* _Task to complete_
Below is a listing with pictures. Repeat exactly the lines starting at the one holding "Force-Pro-S wildlife camera, Spypoint" and going on through the one holding "Tefal serpenyő választék 22 x 5 cm", and leave every picture out.

* _Records provided_
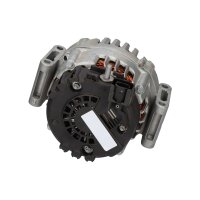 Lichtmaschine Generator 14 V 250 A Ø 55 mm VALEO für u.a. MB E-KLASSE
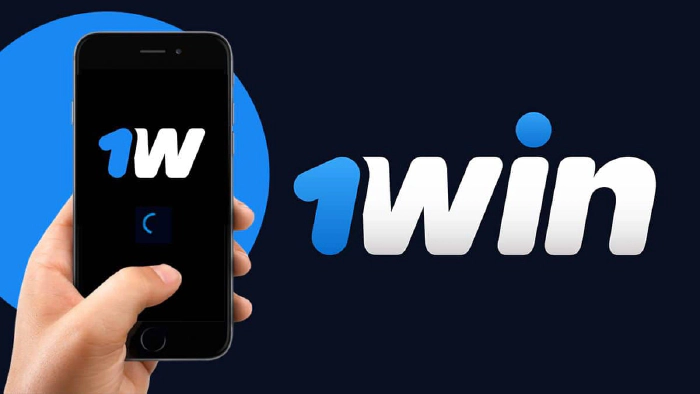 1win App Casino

---

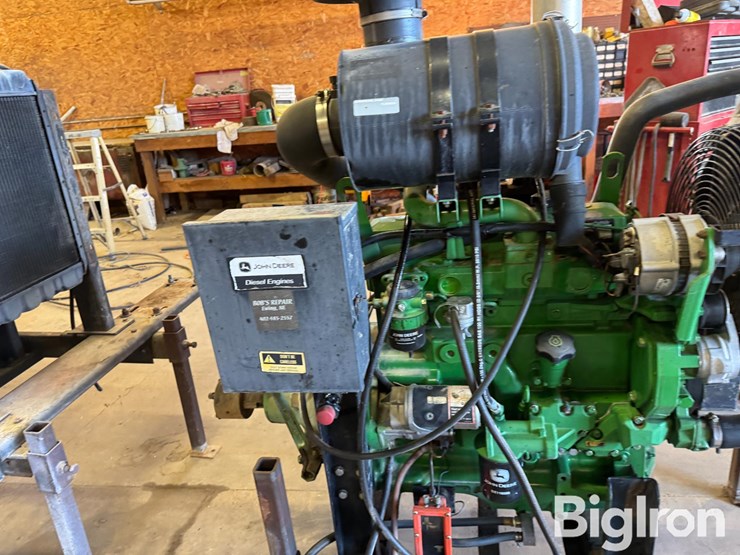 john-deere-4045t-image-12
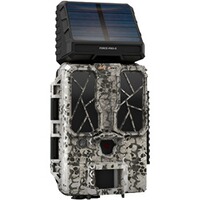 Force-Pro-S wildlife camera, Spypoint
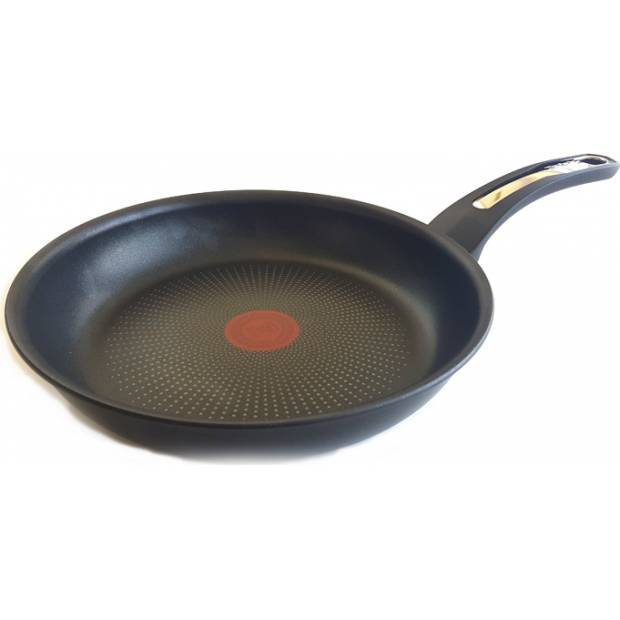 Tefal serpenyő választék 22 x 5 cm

* _Response_
 Force-Pro-S wildlife camera, Spypoint
 Tefal serpenyő választék 22 x 5 cm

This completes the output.